What the task asks: The expected result is the segment of the entries that begins with the line containing "Georgette Frock Style Chikankari Kurtis" and ends with the last line, copied verbatim.

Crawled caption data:

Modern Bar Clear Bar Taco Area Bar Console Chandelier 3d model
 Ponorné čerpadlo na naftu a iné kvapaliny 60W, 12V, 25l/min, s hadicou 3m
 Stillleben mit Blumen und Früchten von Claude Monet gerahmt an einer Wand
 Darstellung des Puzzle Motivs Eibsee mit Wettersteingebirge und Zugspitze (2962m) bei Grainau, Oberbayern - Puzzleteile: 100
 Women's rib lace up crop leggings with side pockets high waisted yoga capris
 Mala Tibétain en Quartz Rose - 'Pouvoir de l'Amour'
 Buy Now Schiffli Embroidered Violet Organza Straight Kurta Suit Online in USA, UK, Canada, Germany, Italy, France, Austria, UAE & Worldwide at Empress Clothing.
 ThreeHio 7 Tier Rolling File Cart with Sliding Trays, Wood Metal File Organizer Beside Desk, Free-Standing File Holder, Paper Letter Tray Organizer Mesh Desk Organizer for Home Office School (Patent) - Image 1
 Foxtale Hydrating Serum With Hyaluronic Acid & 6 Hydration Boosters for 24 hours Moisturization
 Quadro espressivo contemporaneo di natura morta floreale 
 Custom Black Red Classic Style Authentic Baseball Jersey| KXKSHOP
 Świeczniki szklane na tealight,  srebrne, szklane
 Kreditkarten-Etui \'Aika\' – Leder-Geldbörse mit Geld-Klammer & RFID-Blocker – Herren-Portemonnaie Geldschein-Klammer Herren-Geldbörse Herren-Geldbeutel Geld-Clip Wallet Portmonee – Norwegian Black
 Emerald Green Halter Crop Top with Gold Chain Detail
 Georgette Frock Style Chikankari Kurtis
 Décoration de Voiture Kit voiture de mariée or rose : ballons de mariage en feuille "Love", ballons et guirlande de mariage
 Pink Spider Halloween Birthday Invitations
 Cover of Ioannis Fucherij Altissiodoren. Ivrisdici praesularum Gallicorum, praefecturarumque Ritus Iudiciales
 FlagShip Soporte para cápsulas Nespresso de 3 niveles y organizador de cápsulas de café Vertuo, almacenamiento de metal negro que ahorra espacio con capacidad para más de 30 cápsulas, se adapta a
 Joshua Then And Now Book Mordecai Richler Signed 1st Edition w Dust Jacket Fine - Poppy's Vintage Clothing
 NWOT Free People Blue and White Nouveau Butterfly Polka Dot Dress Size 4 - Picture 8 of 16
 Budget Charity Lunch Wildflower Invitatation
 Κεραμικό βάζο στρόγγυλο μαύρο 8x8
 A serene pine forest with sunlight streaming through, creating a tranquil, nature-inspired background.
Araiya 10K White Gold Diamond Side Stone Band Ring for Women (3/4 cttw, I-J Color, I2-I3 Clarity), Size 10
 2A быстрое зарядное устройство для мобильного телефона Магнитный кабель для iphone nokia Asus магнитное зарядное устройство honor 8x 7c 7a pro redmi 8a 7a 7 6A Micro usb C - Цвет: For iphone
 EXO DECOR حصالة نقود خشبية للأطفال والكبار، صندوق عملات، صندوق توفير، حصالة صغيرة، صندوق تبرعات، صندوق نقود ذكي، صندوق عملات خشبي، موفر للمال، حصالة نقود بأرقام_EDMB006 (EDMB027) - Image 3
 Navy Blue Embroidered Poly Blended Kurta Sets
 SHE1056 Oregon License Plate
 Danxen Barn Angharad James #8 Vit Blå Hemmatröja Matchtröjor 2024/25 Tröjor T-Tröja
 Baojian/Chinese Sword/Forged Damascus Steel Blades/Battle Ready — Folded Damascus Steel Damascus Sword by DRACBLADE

Task result:
 Georgette Frock Style Chikankari Kurtis
 Décoration de Voiture Kit voiture de mariée or rose : ballons de mariage en feuille "Love", ballons et guirlande de mariage
 Pink Spider Halloween Birthday Invitations
 Cover of Ioannis Fucherij Altissiodoren. Ivrisdici praesularum Gallicorum, praefecturarumque Ritus Iudiciales
 FlagShip Soporte para cápsulas Nespresso de 3 niveles y organizador de cápsulas de café Vertuo, almacenamiento de metal negro que ahorra espacio con capacidad para más de 30 cápsulas, se adapta a
 Joshua Then And Now Book Mordecai Richler Signed 1st Edition w Dust Jacket Fine - Poppy's Vintage Clothing
 NWOT Free People Blue and White Nouveau Butterfly Polka Dot Dress Size 4 - Picture 8 of 16
 Budget Charity Lunch Wildflower Invitatation
 Κεραμικό βάζο στρόγγυλο μαύρο 8x8
 A serene pine forest with sunlight streaming through, creating a tranquil, nature-inspired background.
Araiya 10K White Gold Diamond Side Stone Band Ring for Women (3/4 cttw, I-J Color, I2-I3 Clarity), Size 10
 2A быстрое зарядное устройство для мобильного телефона Магнитный кабель для iphone nokia Asus магнитное зарядное устройство honor 8x 7c 7a pro redmi 8a 7a 7 6A Micro usb C - Цвет: For iphone
 EXO DECOR حصالة نقود خشبية للأطفال والكبار، صندوق عملات، صندوق توفير، حصالة صغيرة، صندوق تبرعات، صندوق نقود ذكي، صندوق عملات خشبي، موفر للمال، حصالة نقود بأرقام_EDMB006 (EDMB027) - Image 3
 Navy Blue Embroidered Poly Blended Kurta Sets
 SHE1056 Oregon License Plate
 Danxen Barn Angharad James #8 Vit Blå Hemmatröja Matchtröjor 2024/25 Tröjor T-Tröja
 Baojian/Chinese Sword/Forged Damascus Steel Blades/Battle Ready — Folded Damascus Steel Damascus Sword by DRACBLADE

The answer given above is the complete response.